B. Prosecution’s case
2. PW1 - Justa Muthoni Njeru gave evidence that on 4.03.2017 at around 3.00pm she was at her home when the deceased came and requested to rest as she was tired. That she took the deceased to her house and showed her a bed to rest on, and she left for the market where she sold bananas. That at around 8.45pm, she was called by her brother one Salesio who told her that the deceased had been cut severally by his (Salesio’s) wife.
3. That she proceeded home to see what had happened and also called the deceased’s sister one Mukami and they headed home and whereby they found Salesio who gave her the keys to the house and when she opened the door, she found the deceased on the floor of her bedroom lying face up. That she had fresh injuries and lay on a pool of blood and looked like she was dead. That she reported to the Assistant Chief who told her that the accused had gone to her place and reported that she had cut Wanja (the deceased) and stabbed her husband Salesio. The police later went to the scene and removed the body from the scene. In cross examination, she testified that she did not witness the incident.
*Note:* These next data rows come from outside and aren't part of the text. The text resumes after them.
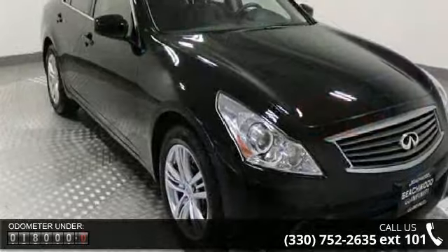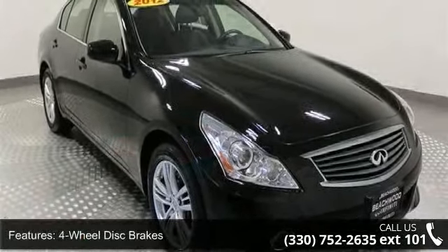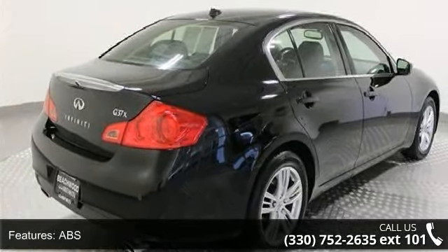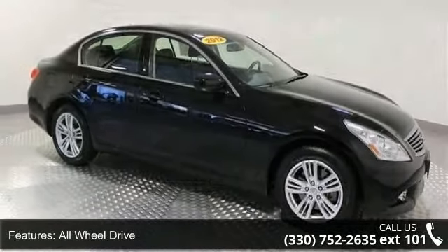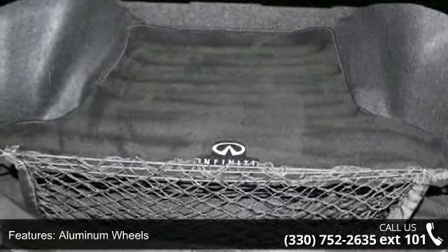This vehicle's top features include four-wheel disc brakes, ABS, adjustable steering wheel, all-wheel drive, aluminum wheels, automatic headlights, auxiliary audio input, backup camera, and Bluetooth connection. Low mileage is an important factor in your purchase, and this vehicle delivers a low odometer reading.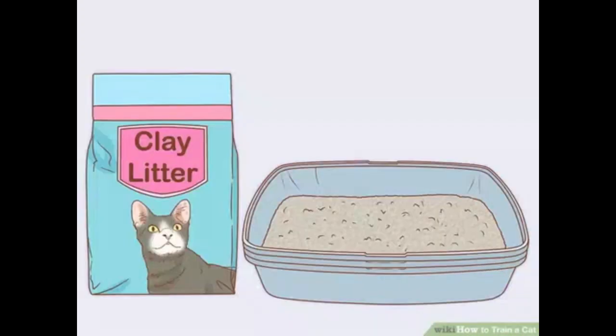Use a litter your cat will enjoy. There are many different types of cat litter made from a variety of materials. The most important factor is finding a litter that your cat will want to use. Most cats prefer clumping, unscented litter; however, your cat may prefer something different, especially if he was adopted and grew accustomed to something in his former home.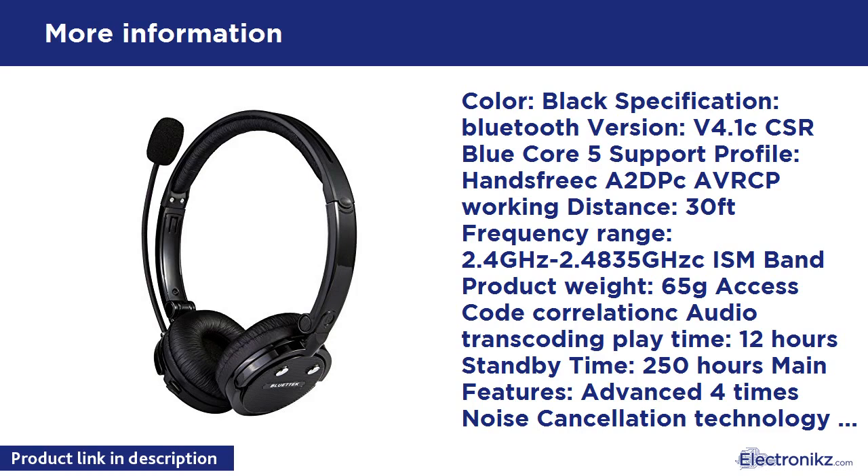Main features: Advanced 4x noise cancellation technology with DSP to provide clearer and crisper call quality. Switching between music and phone calling allows you to answer and make calls while listening to music. Ergonomic design — free to adjust the length to find the best position to wear it.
4. PW2 - Annette Mukami Kimotho’s evidence was expunged from the court record pursuant to the application by the prosecution.
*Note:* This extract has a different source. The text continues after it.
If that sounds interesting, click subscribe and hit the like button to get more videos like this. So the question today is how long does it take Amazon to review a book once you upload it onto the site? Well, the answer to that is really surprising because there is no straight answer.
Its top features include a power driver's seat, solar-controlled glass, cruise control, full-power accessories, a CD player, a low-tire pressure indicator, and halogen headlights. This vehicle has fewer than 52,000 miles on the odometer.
5. PW3 - Mary Rita Wanjira Kariuki made sworn evidence that on 10.03.2017, she accompanied her mother to witness the post-mortem of her sister (deceased) at Embu Level 5 hospital and she was able to identify the body of the deceased.
6. It was PW3’s evidence that she knew the deceased as she was her sister-in–law and that on 4.03.2017, at around 8.00pm she went to the deceased’s place after she received a report from her brother-in-law one Joseph Njue.
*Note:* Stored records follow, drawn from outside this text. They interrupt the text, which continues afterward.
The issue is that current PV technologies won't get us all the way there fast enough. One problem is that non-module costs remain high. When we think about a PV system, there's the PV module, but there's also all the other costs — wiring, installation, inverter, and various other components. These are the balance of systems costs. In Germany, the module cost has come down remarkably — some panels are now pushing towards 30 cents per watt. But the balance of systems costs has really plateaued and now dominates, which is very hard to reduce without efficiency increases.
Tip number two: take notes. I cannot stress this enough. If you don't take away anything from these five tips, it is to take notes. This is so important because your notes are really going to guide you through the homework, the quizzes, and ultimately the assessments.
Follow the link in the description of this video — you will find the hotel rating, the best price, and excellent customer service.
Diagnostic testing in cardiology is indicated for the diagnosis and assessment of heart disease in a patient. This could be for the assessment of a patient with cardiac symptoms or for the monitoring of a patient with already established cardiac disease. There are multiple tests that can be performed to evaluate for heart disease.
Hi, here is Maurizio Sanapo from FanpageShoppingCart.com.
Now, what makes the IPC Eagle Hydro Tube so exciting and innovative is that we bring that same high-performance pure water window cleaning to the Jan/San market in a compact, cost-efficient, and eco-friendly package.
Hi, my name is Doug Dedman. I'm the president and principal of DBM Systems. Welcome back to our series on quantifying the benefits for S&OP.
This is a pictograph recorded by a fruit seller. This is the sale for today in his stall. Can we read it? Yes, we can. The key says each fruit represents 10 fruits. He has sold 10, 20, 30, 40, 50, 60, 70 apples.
7. PW4 - Catherine Nyambura gave evidence that on 4.03.2017 while on duty at Embu police station at around 10.00pm one Justa Muthoni (PW1) reported that her friend Lydia Muthoni had been stabbed and that she had left her sleeping in her house and went to the market but her brother one Salesio Njagi called her and said that his wife Catherine (the accused herein) had entered through the window and attacked Lydia and Salesio who were both in the house.
8. That she visited the scene together with Chief Inspector Ngotho and on pushing the door, she noticed the deceased’s body lying behind the door and in a pool of blood. That the scene was photographed by scene of crime personnel. That they entered the accused’s house (which was in the same compound with that where the deceased was found) and found one Salesio Njagi therein. He had a stab wound on the arm and was bleeding and he said that he had been attacked by the accused as she was attacking the deceased. That Salesio was taken to the hospital and the deceased’s body taken to the mortuary for post-mortem. In cross examination, she testified that she did not recover the murder weapon.
9. PW5 - Dr. Phyllis Muhonja testified that she was a doctor stationed at Embu Level 5 hospital and that on 8.03.2017 she conducted a post mortem on the body of the deceased and that on external examination, there was a stab wound on the waist at the left femoral region, there was also dried blood on the legs, a bruise on the left shoulder and also on the left arm and the right chin. That the single stab injury on the waist severed a major artery which caused massive bleeding in the femoral muscles. She testified that she formed an opinion that the cause of the death was the single stab wound on the femoral region bleeding into the muscles and thereby causing haemorrhagic shock. The post-mortem report was produced as PExbt 1.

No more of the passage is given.